_Provided records:_
----------
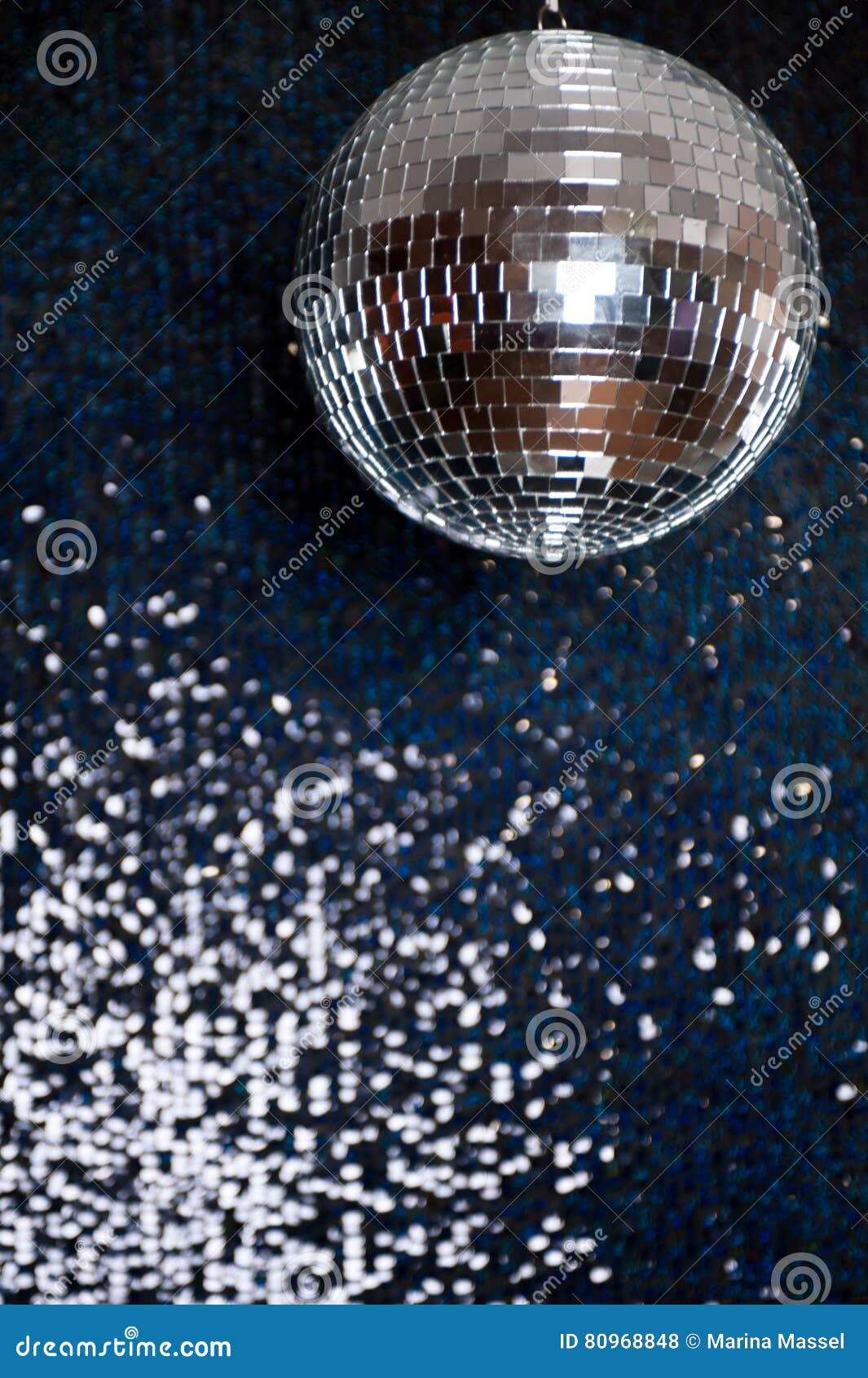 Mirror Disco Ball Hanging from the Ceiling Stock Photo Image of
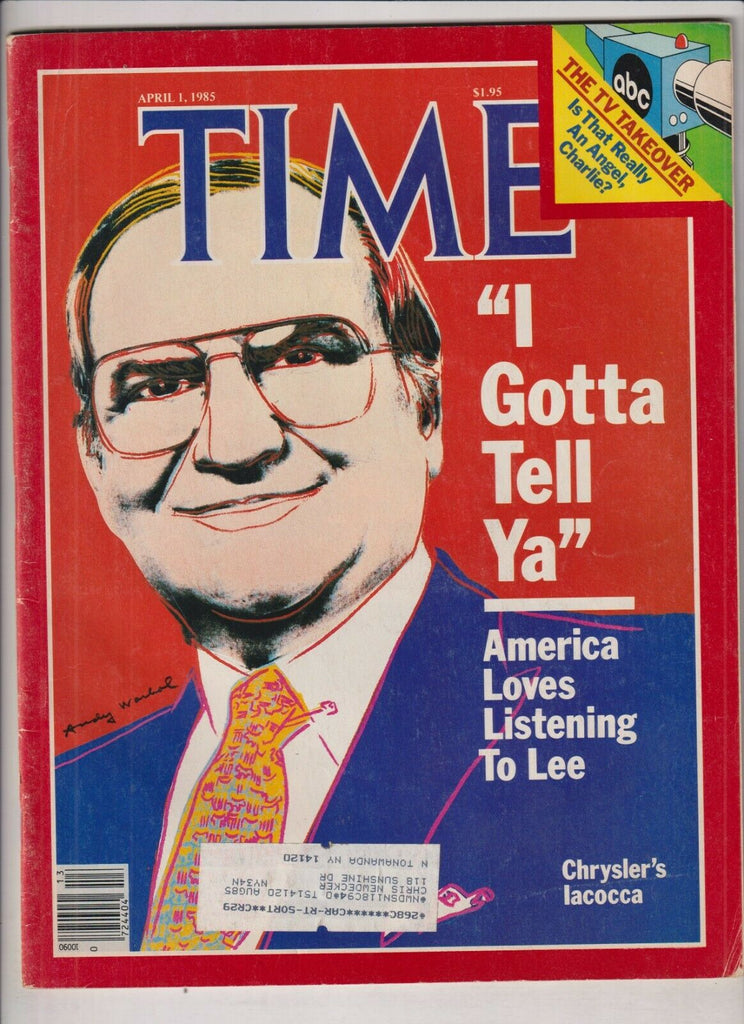 Time Mag Chrysler's Lacocca April 1, 1985 021720nonr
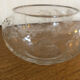 Glass cup chiseled decoration butterflies and flowers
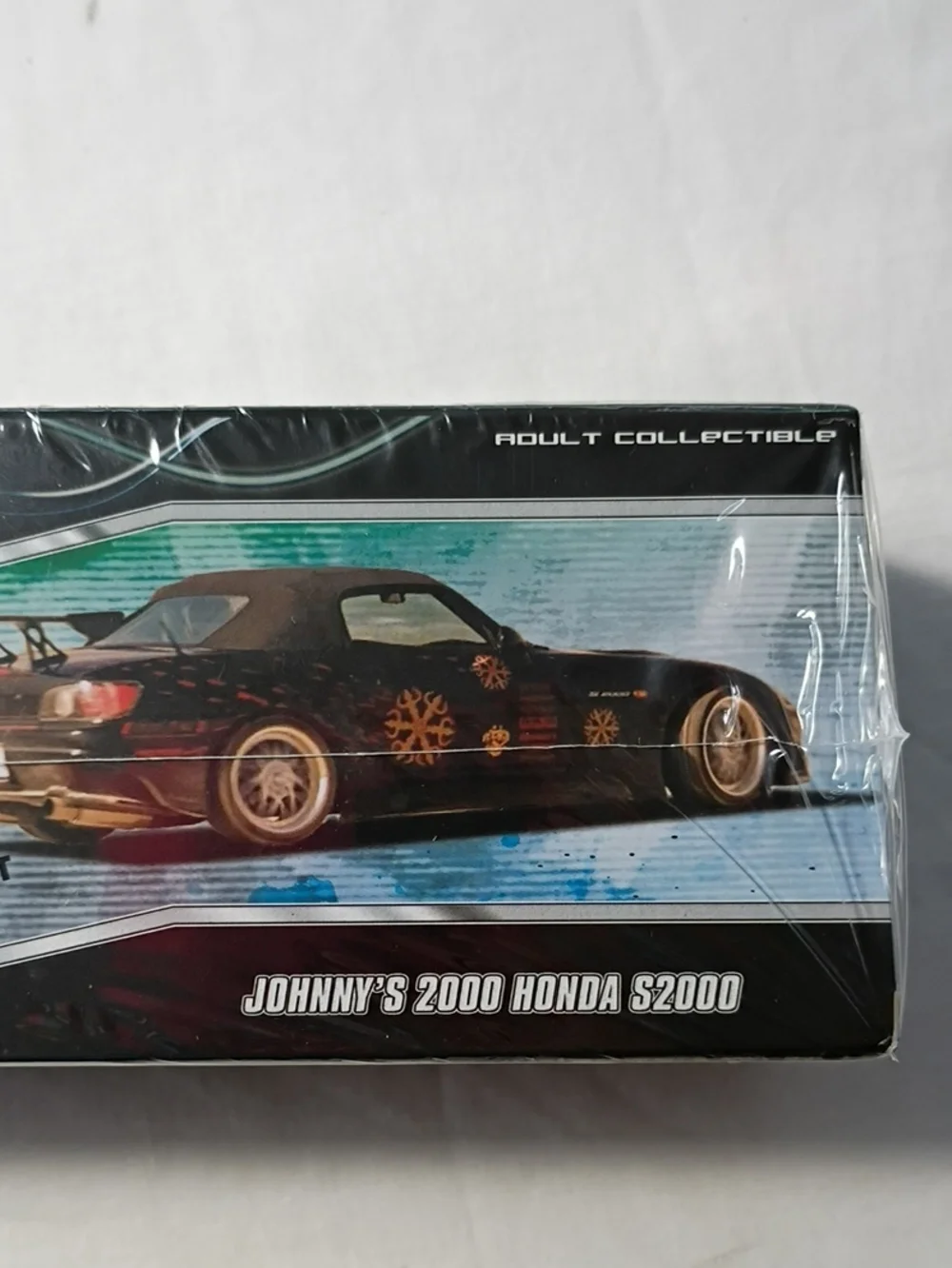 NIB Johnny's 2000 Honda S2000 Die-Cast Model Car - Black Fast & Furious Limited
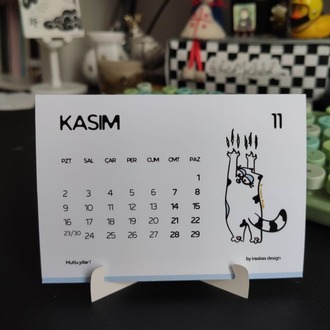 2026 Doodle Cat Masa Takvimi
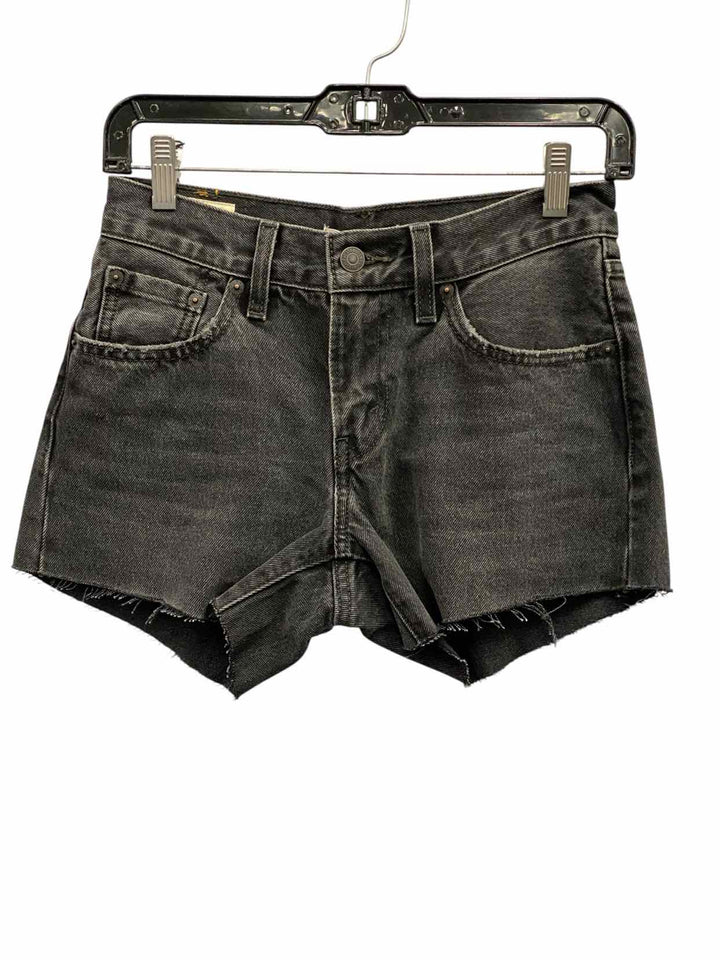 Levi's Premium Size 24 Black Denim Shorts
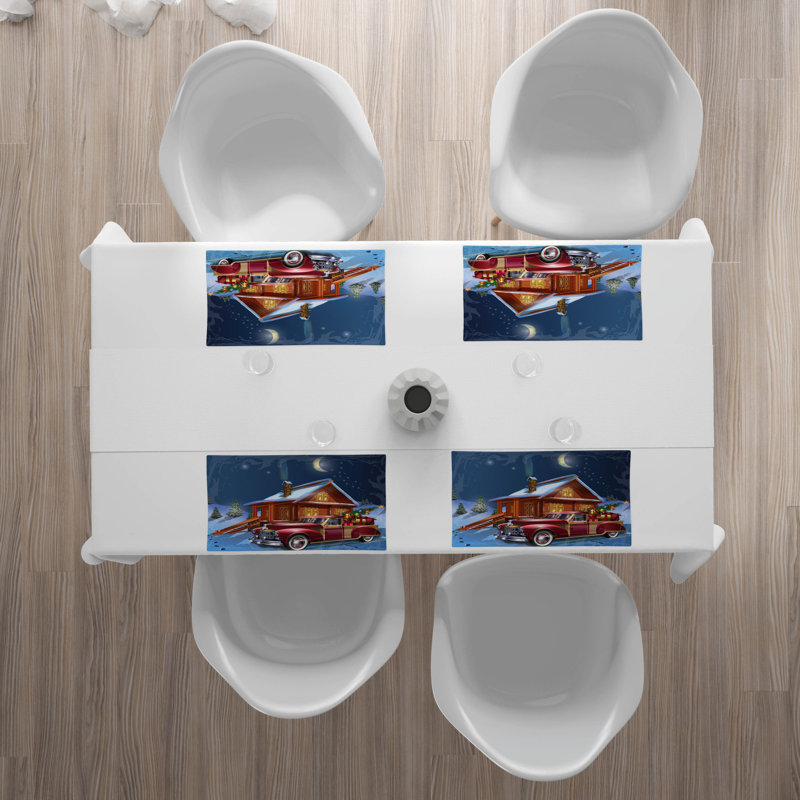 Polyester Abstract Rectangle Placemat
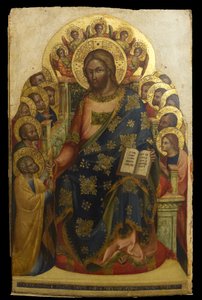 Christ handing the keys to Saint Peter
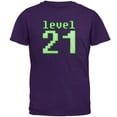 thumbnail image 1 of Gamer Milestone Birthday Level 21 Mens T Shirt Purple LG, 1 of 1
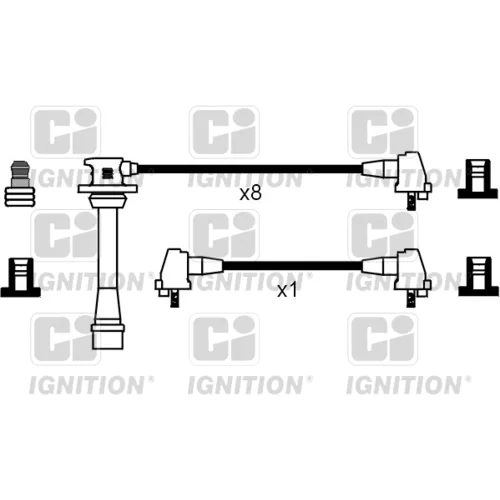 Sada zapaľovacích káblov QUINTON HAZELL XC630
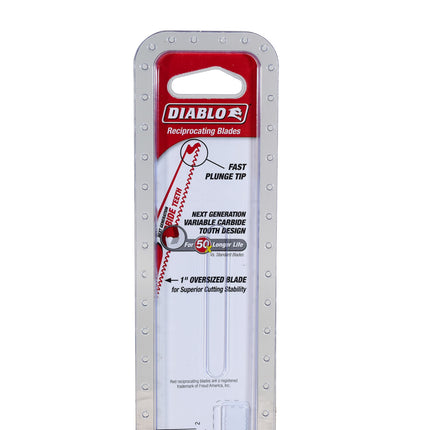 Diablo DS0906CWS3 9" 5/7 TPI Demo Demon Carbide Teeth Reciprocating Saw Blades for Nail-Embedded Wood (3 Pack)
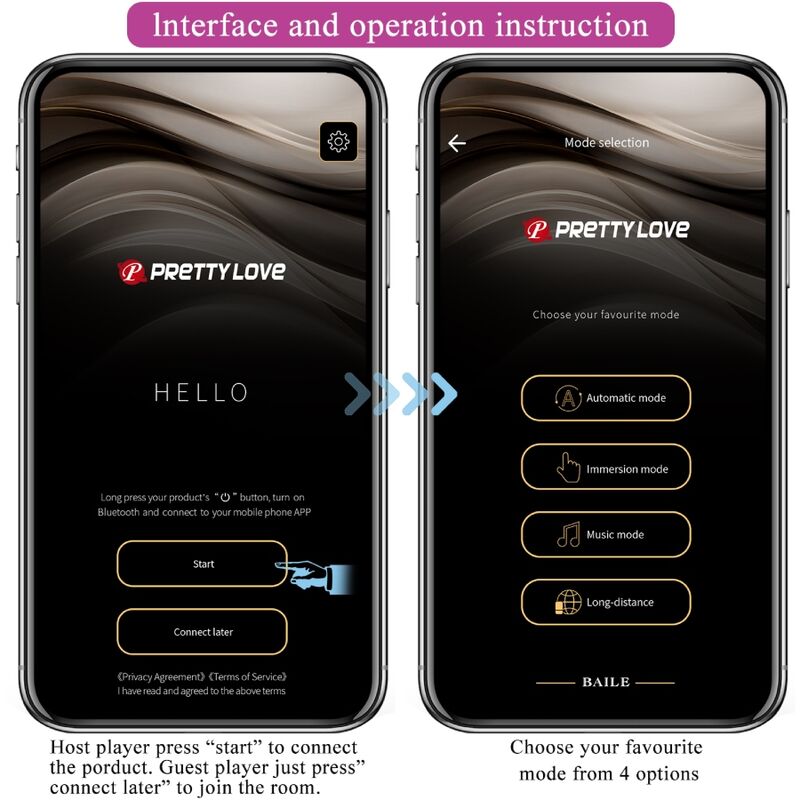 PRETTY LOVE - JEFFERSON STEROWANY APLIKACJĄ KOREK ANALNY CZARNY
----------
_Directions for this task:_ Copy the lines starting at the line that contains "Christ handing the keys to Saint Peter" and running to the final line of the entries, inclusive; omit all pictures.

_Task output:_
 Christ handing the keys to Saint Peter
 thumbnail image 1 of Gamer Milestone Birthday Level 21 Mens T Shirt Purple LG, 1 of 1
 Sada zapaľovacích káblov QUINTON HAZELL XC630
 Diablo DS0906CWS3 9" 5/7 TPI Demo Demon Carbide Teeth Reciprocating Saw Blades for Nail-Embedded Wood (3 Pack)
 PRETTY LOVE - JEFFERSON STEROWANY APLIKACJĄ KOREK ANALNY CZARNY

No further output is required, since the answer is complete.